→ What the task asks: Pictures in the material below are to be left out, and only the lines from the line with "Nike hoodie" up to and including the line with "Sotiladi 4 xonali" are to be written out exactly.

<<<<

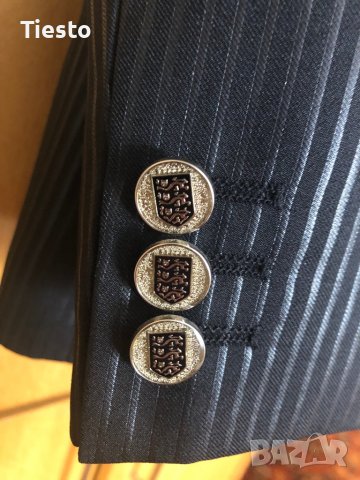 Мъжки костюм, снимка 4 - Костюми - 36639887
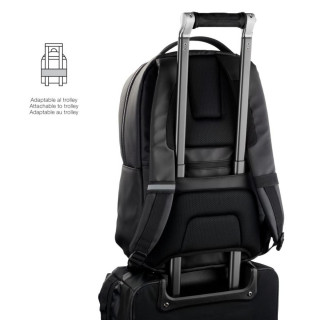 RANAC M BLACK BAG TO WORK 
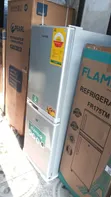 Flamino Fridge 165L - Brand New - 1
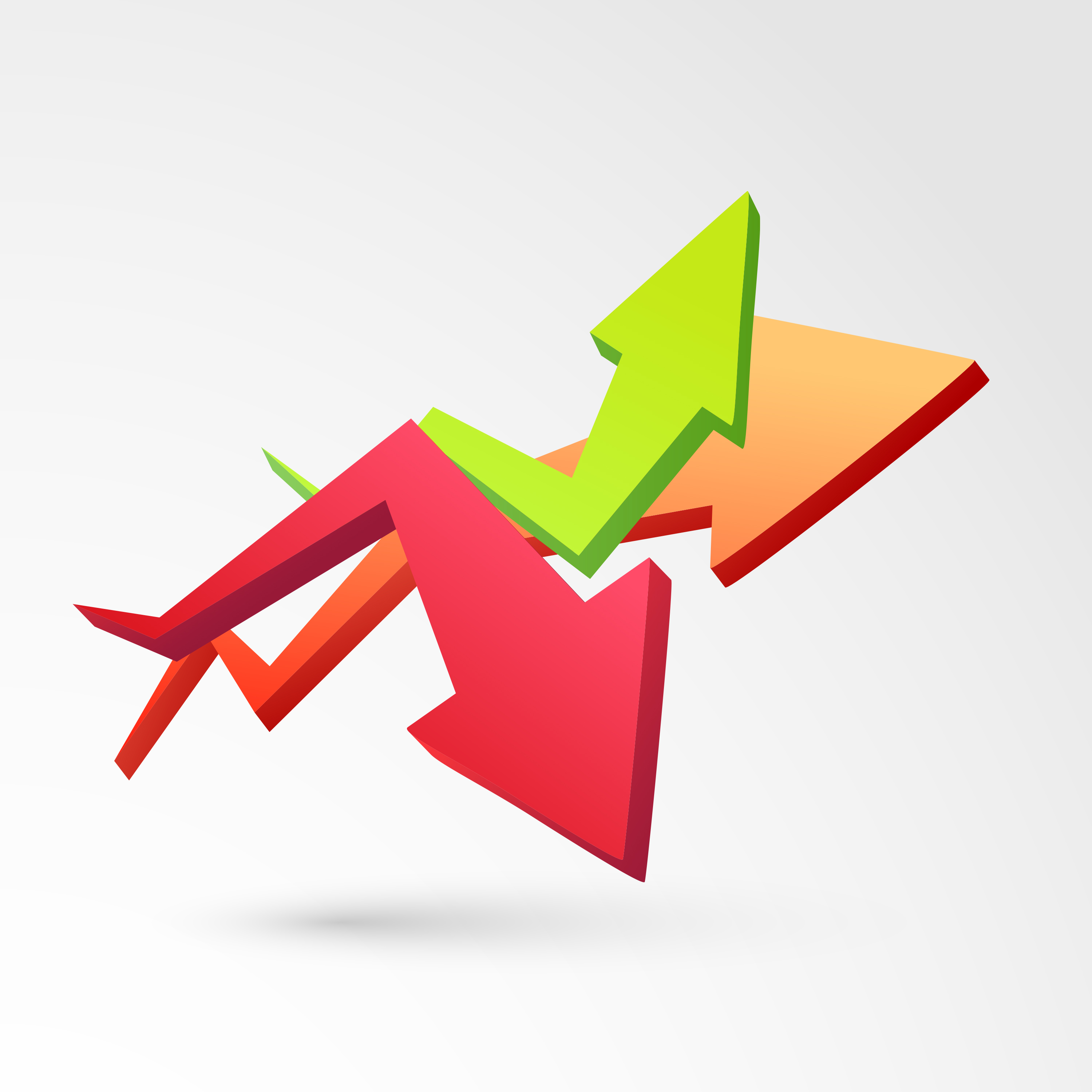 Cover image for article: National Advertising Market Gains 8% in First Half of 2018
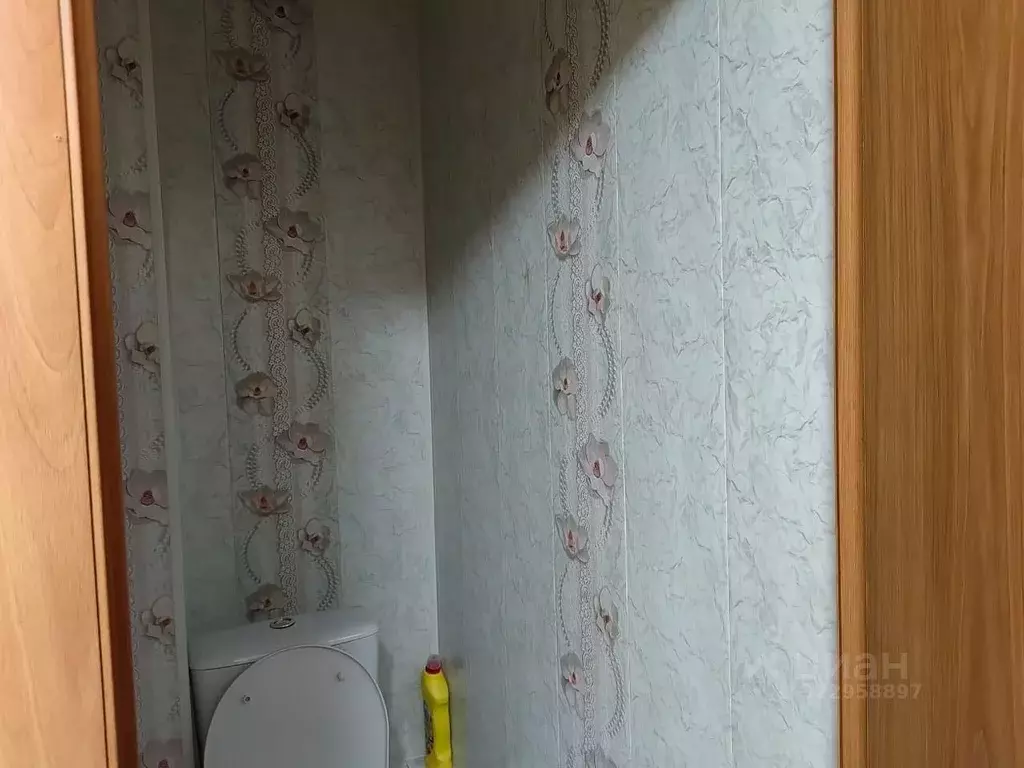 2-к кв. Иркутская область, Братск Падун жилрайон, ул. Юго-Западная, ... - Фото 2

>>>>
<<<<

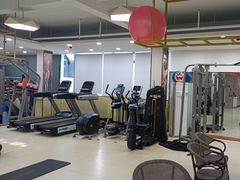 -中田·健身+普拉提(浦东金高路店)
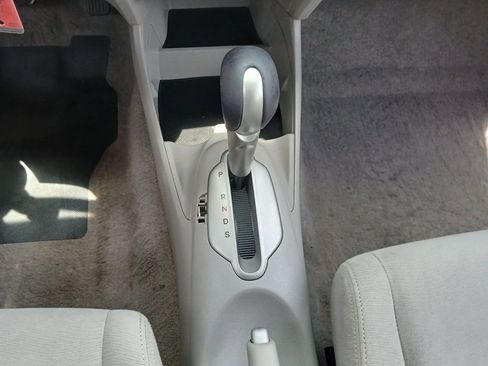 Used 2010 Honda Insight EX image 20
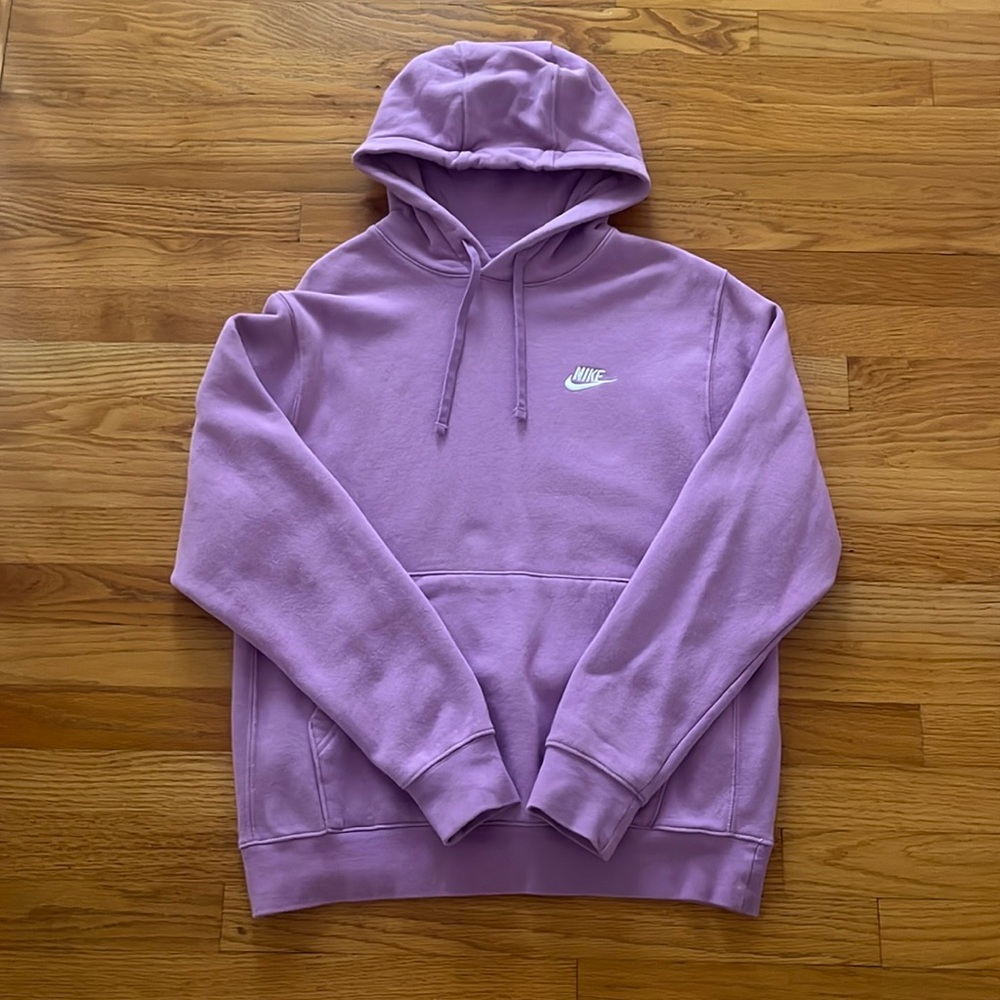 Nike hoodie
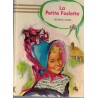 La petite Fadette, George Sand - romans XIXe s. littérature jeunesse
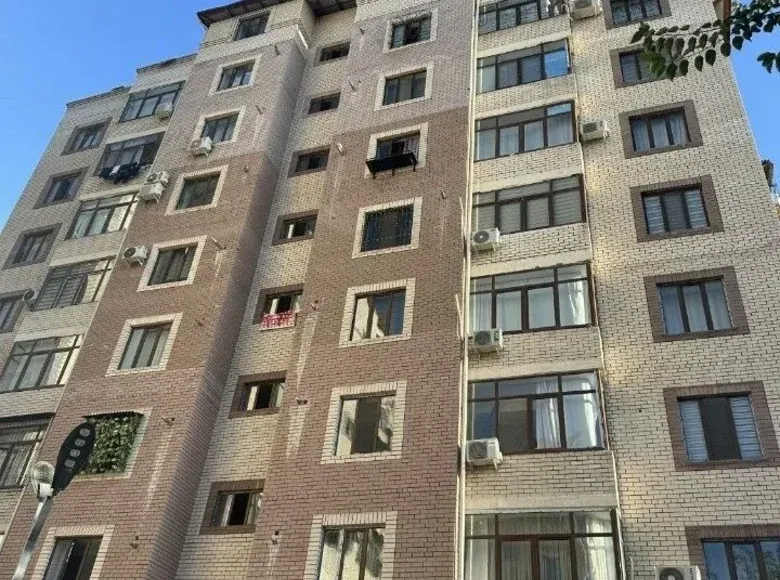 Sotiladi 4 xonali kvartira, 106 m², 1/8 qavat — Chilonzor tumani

>>>>
<<<<

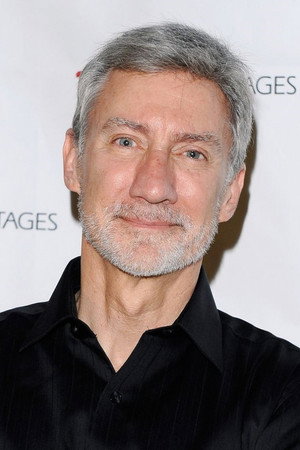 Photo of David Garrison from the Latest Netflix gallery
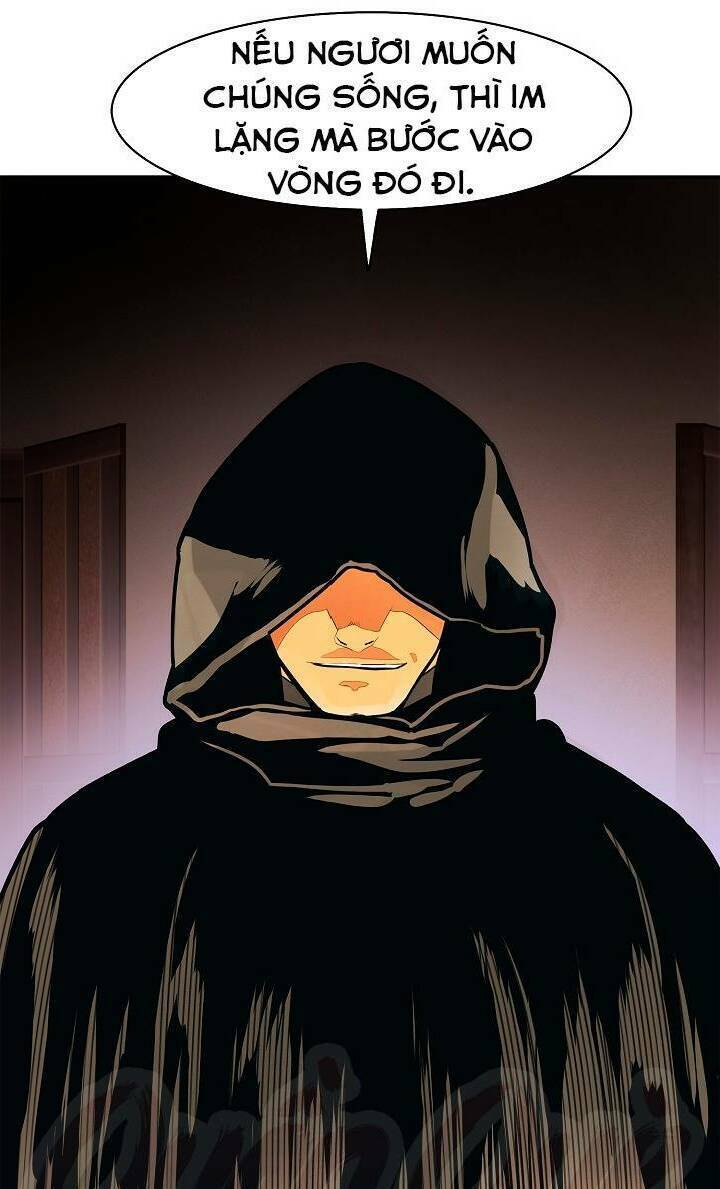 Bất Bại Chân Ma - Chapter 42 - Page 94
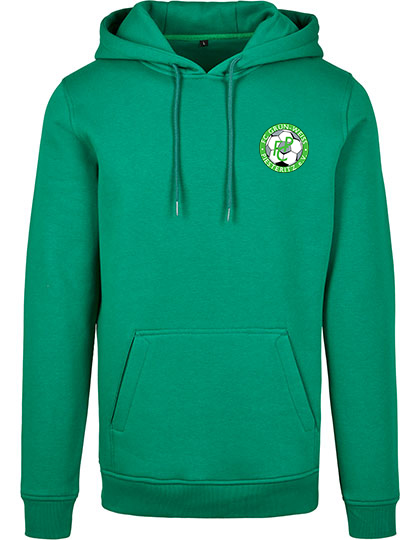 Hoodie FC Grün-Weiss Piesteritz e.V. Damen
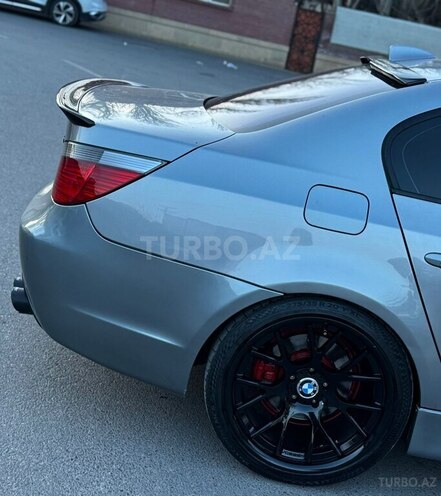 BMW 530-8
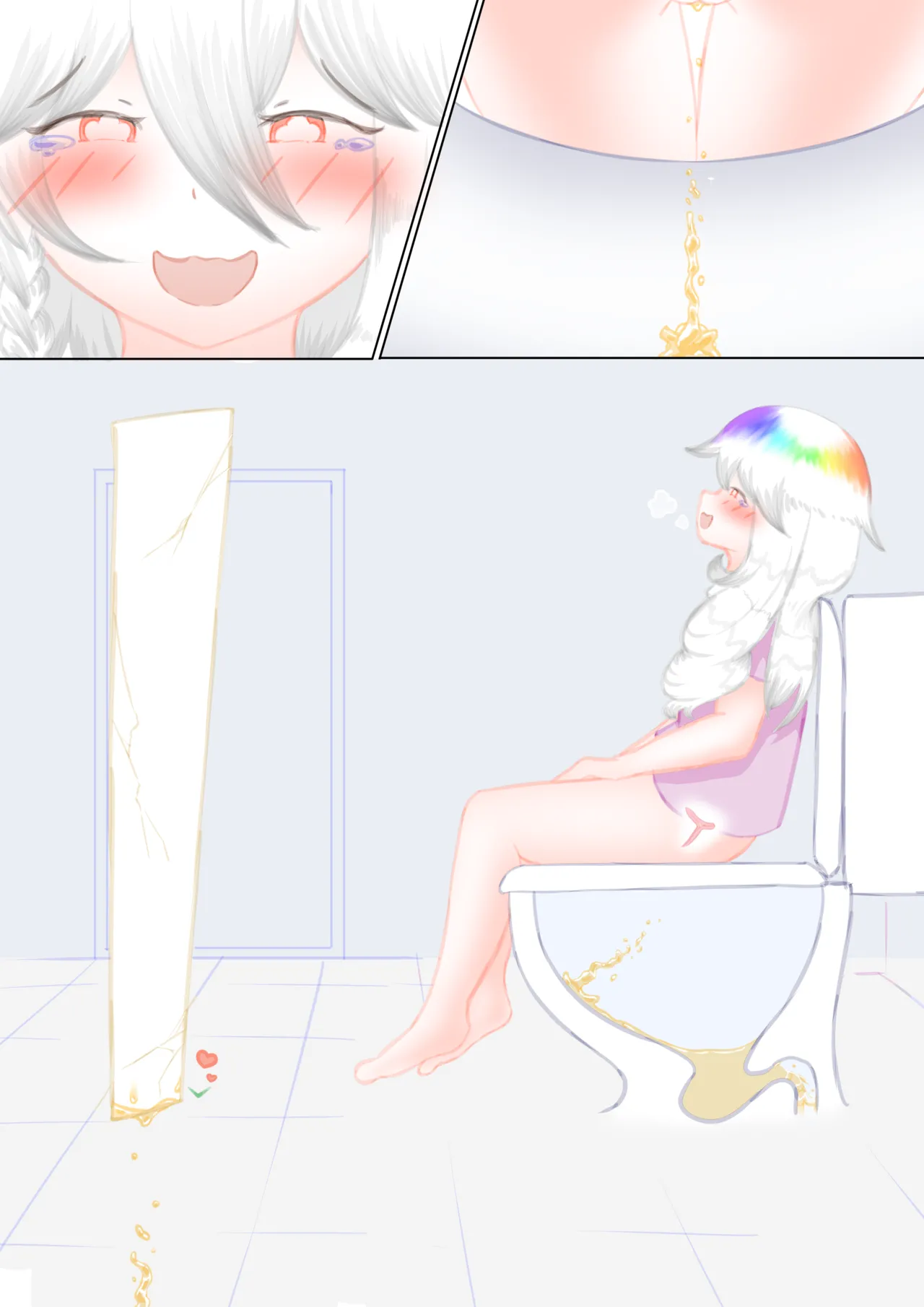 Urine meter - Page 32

>>>>

→ Result of the exercise:
 Nike hoodie
 La petite Fadette, George Sand - romans XIXe s. littérature jeunesse
 Sotiladi 4 xonali kvartira, 106 m², 1/8 qavat — Chilonzor tumani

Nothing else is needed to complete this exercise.